Stop and think: In the true sense of the word, shouldn’t it? Anyone planning to be an Olympic champion had better plan to be zealous (fanatical) about training and stretching to the maximum of his or her capabilities. Anyone who is planning to become a physician had better plan to be zealous about studying and maintaining proper focus. All those who want to succeed at their jobs or be good husbands, good wives, good fathers or good mothers must know that they had better plan to focus a great deal of energy and live those roles in life with passion as well as compassion.
An old Christian song proclaims:
There is joy in serving Jesus as I journey on my way/joy that fills the heart with praises every hour and every day.
There is joy in serving Jesus, joy that triumphs over pain/fills my soul with heaven’s music till I join the glad refrain.

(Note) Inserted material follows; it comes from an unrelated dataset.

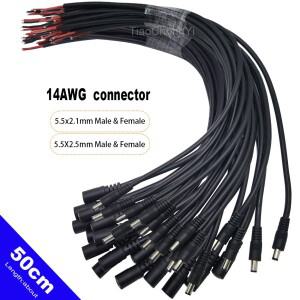 50cm 14AWG DC 커넥터 전원 소켓 케이블 플러그 와이어 남성 & 여성 15A 5.5x2.1mm 2.5mm LED 라이트 스트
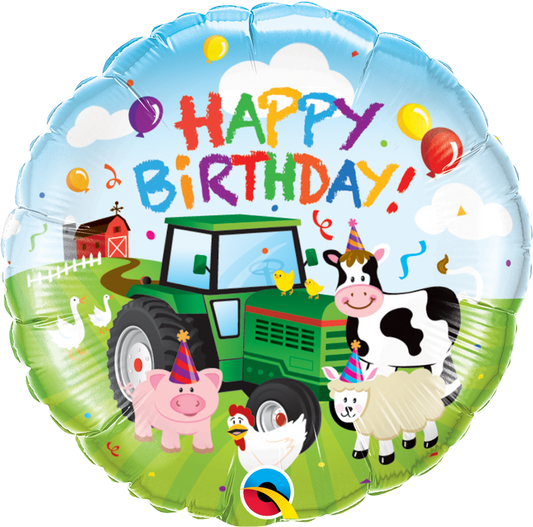 Happy Birthday Barnyard Animal Farm mylar balloon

There is joy in serving Jesus, as I walk alone with God/’tis the joy of Christ, my Savior, who the path of suffering trod.
There is joy in serving Jesus, joy amid the darkest night/for I’ve learned the wondrous secret, and I’m walking in the light.
Doing God’s will in God’s way with all the zeal we can muster brings true joy. In human relationships, we find joy in pleasing those we love. Seeing our loved ones take pleasure in something we have done or provided brings us happiness because we care for them. How much more should serving the Lord ignite joy in us as we realize that we are pleasing the One we love!
As we serve the Lord with all our hearts, He strengthens us on our way. Then we discover the greater reality of His presence and the fulfillment of His purpose. We taste eternity and sense the cold fire of God’s Spirit moving us. We find joy as we keep to our purpose of serving Him. There is no greater joy than that of finding the reason for life. Thus when we acknowledge and carry out God’s purpose for us, which is to love and serve Him forever, we find the greatest of life’s fulfillments.
Nevertheless, if we are to love God, we must love what He loves and hate what He hates. We cannot know how to love Him if we do not know how to hate sin. That takes zeal—fanaticism in the purest sense of the word. Most of us do not know how to stand tall and reach far and grasp the good for God because we do not allow ourselves to feel that emotion, that surge of energy which arises from the urgency of emergency.
Think of the father who, upon seeing his child trapped under an automobile, is able to grab hold of the bumper and with only the strength of his own back raise the 2 1/2-ton vehicle and rescue the child. Such things have happened time and again when enough urgency was apparent to the one who performed the superhuman feat.
We live in such a time of spiritual urgency, and we need superhuman energy to meet the emergency. Many are in danger, headed for a Christless eternity. Many are dying in their sins apart from the salvation that only Jesus can offer them. Our friends, our families and our neighbors all need a whiff of the reality that we as believers can waft their way. We must abandon our apathy and allow ourselves to feel the urgency. We must seek the divine power necessary to publish the good news of salvation in Jesus and thereby rescue those who are perishing.
So don’t worry about being considered a fanatic for God. Don’t be concerned about heating up a bit for Him. After all, from heat comes light. If you generate enough heat through your zeal for serving Jesus, it will shine the light of God on this dark world. May He who is the Light shine through you. May He keep you going, growing and glowing for Him.